____ Provided information

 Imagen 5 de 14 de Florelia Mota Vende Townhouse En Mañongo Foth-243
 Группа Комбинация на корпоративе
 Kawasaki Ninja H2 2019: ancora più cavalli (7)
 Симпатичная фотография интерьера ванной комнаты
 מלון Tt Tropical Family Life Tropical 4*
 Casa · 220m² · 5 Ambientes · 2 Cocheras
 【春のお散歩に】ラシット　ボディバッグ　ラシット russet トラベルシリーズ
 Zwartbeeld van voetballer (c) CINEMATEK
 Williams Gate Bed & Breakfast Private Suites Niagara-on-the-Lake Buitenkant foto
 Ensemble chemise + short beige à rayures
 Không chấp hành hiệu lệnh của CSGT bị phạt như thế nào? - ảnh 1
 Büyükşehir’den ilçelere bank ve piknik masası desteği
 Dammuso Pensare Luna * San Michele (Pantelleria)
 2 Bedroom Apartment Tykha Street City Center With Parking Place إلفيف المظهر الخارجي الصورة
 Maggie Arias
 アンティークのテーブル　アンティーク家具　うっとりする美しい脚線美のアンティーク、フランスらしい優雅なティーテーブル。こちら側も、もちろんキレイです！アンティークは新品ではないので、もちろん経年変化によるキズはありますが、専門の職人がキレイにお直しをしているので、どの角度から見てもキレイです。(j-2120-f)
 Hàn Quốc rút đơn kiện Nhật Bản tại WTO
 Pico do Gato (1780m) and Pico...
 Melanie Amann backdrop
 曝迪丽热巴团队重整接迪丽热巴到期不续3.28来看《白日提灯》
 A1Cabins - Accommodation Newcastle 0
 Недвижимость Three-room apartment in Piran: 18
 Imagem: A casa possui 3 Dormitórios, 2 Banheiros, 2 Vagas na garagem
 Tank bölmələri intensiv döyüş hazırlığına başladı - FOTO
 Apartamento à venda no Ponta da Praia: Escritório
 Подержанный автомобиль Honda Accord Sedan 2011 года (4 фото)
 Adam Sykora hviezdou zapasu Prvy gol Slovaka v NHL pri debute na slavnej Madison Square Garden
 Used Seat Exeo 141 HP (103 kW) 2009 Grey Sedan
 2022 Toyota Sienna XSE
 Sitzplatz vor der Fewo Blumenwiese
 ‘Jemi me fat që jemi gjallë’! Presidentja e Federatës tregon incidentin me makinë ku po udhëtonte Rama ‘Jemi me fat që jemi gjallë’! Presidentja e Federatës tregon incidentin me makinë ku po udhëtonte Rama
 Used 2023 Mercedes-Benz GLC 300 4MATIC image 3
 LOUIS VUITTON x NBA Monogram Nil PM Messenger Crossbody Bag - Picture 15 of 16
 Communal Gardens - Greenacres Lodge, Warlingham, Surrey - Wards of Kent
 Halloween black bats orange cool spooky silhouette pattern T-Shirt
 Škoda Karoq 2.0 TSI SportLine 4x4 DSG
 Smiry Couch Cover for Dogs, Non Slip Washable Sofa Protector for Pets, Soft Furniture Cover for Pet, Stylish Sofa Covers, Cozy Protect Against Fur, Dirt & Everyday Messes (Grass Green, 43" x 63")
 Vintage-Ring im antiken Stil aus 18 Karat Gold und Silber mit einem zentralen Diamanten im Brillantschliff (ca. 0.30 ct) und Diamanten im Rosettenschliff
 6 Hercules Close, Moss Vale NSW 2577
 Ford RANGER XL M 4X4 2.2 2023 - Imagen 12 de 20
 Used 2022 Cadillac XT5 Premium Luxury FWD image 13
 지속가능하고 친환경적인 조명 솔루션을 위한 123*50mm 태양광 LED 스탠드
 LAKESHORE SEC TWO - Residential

________

▶ _What you have to do_: Once you find the line with "Büyükşehir’den ilçelere bank" in the entries above, output it and each line after it up to and including the line with "Sitzplatz vor der Fewo Blumenwiese", and nothing else.

▶ _Output for this exercise_:
 Büyükşehir’den ilçelere bank ve piknik masası desteği
 Dammuso Pensare Luna * San Michele (Pantelleria)
 2 Bedroom Apartment Tykha Street City Center With Parking Place إلفيف المظهر الخارجي الصورة
 Maggie Arias
 アンティークのテーブル　アンティーク家具　うっとりする美しい脚線美のアンティーク、フランスらしい優雅なティーテーブル。こちら側も、もちろんキレイです！アンティークは新品ではないので、もちろん経年変化によるキズはありますが、専門の職人がキレイにお直しをしているので、どの角度から見てもキレイです。(j-2120-f)
 Hàn Quốc rút đơn kiện Nhật Bản tại WTO
 Pico do Gato (1780m) and Pico...
 Melanie Amann backdrop
 曝迪丽热巴团队重整接迪丽热巴到期不续3.28来看《白日提灯》
 A1Cabins - Accommodation Newcastle 0
 Недвижимость Three-room apartment in Piran: 18
 Imagem: A casa possui 3 Dormitórios, 2 Banheiros, 2 Vagas na garagem
 Tank bölmələri intensiv döyüş hazırlığına başladı - FOTO
 Apartamento à venda no Ponta da Praia: Escritório
 Подержанный автомобиль Honda Accord Sedan 2011 года (4 фото)
 Adam Sykora hviezdou zapasu Prvy gol Slovaka v NHL pri debute na slavnej Madison Square Garden
 Used Seat Exeo 141 HP (103 kW) 2009 Grey Sedan
 2022 Toyota Sienna XSE
 Sitzplatz vor der Fewo Blumenwiese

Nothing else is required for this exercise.